The image above is titled Draw the Line (2015) oil on canvas, 72×96 inches (image courtesy Lennon, Weinstein, Inc.). Here, the background is a patchwork of warm and cool whites with a second layer of warm and cool blacks painted in a calligraphic design.

John Yau, who wrote a review for Hyperallergic, is a big fan, and has reviewed many of Meyer’s solo exhibitions at Lennon, Weinberg, Inc.  He said: “When Meyer started using oil paint that was closer in consistency to watercolor, she broke through into a territory that is now all her own.” See his review (November 25, 2018) at hyperallergic.com.

 

DIPTYCHS

 

melissa meyer 640 trellis too at hyperallergic

Melissa Meyer, Trellis Too

 

The image above is titled Trellis Too (2017), oil on canvas, 36×72 inches, diptych (image courtesy Lennon Weinberg, Inc.).

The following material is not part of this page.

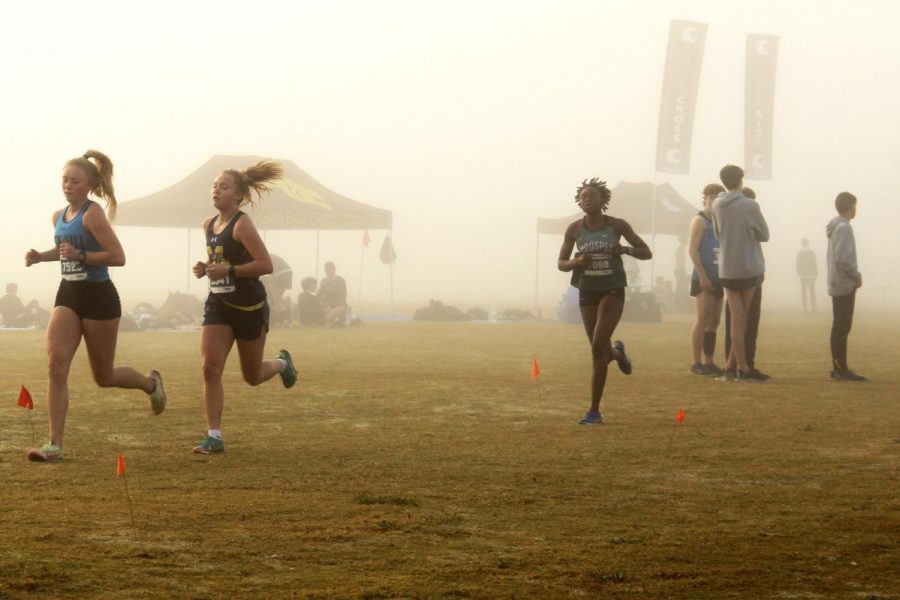 Starting off the foggy morning invitational, senior Abishai Aryee catches up to her competition. Placing No. 12 in the varsity womens 5-kilometer run, Aryee ran a final time of 20 minutes and 44 seconds. Junior Aubrey OConnell won the 5,000-meter race with a time of 17:53.62. I’m really excited for track season in the spring because we didn’t get much of a season last year, and I think I have a lot more potential, OConnell commented when asked about her upcoming track season, aswell.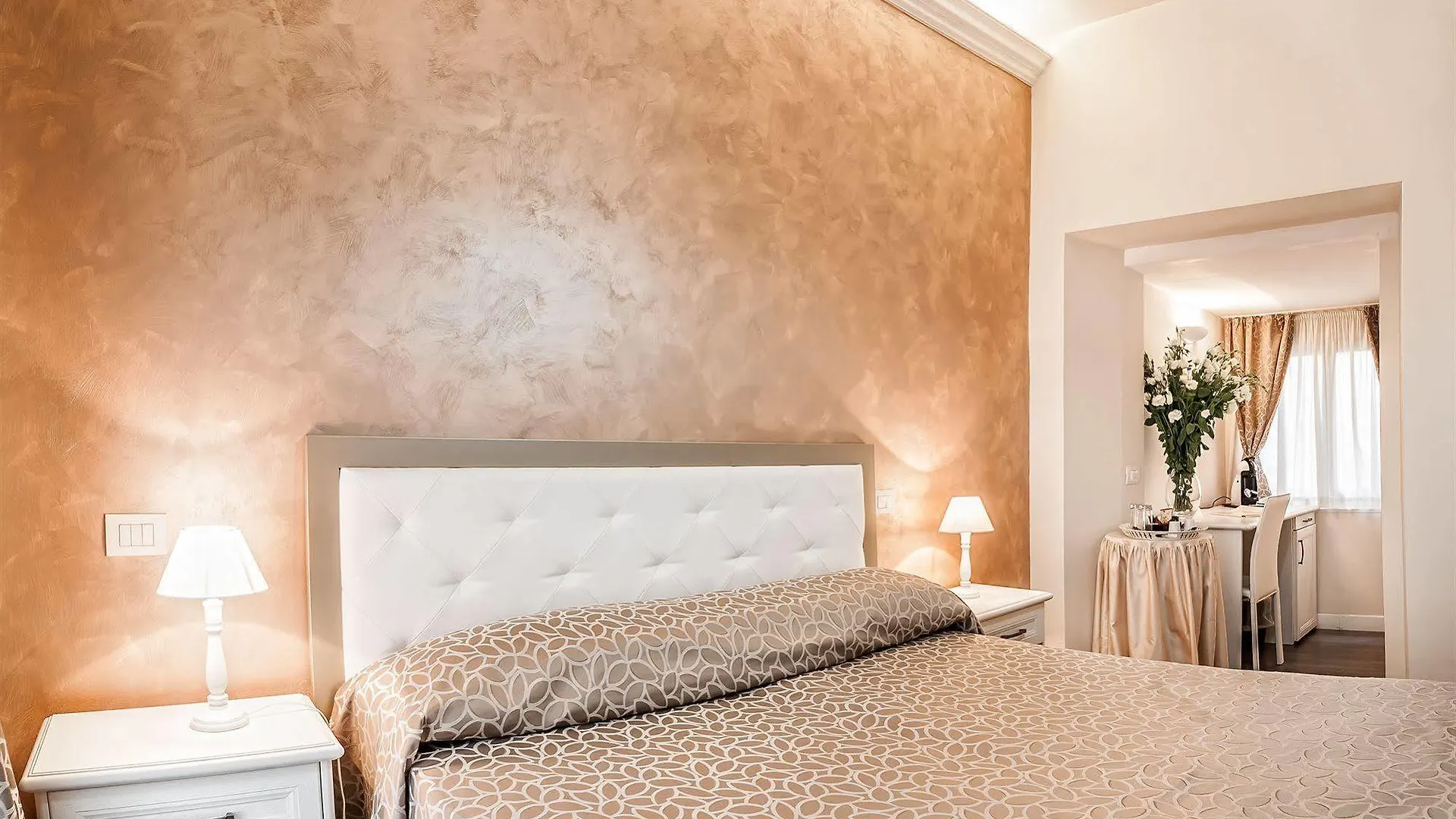 Relais De L'Opera Bed & Breakfast Rome 2*,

In his exhibition review (November 25, 2018),Yau said he counted at least three layers of marks compressed together in Trellis Too, saying the first layer is a patchwork of palest colors (durian yellow, cantaloupe orange and watery blue), the second layer includes glyph-like brushstrokes in different colors where the brush can be dry or full, the color can be saturated or faded, and one glyph often slides over another. The third layer is a drawing in black with a geometric web of tangled lines that hold the first two layers together. In his review, Yau writes he likes the way the painting asked him to pay attention to how the glyphs drift across the surface, as well as within the layers, how the paintings merge division and unity without favoring either because you notice similarities, changes and ruptures.

 

melissa meyer 640 rearrangement series 2 (2018) posit journal

Melissa Meyer, Rearrangement Series 2

 

I was lucky to have a conversation with Jill Weinberg Adams, the gallery director, and told her I am writing about women who do collage. She told me Meyers has a long-standing interest in collage and a unique collage esthetic. I was intrigued.

I saw two collages at the gallery – one was installed in the exhibition, and one was brought out from a closet. The first image (above) is titled Rearrangement Series 2 (2018), watercolor collage on paper, 15.75 x 12 inches (image courtesy of Lennon, Weinberg, Inc.) The second image (below) is titled Rearrangement Series 3 (2018), watercolor collage on paper (2018), 15.75 x 12 inches (image courtesy of Lennon, Weinberg, Inc.).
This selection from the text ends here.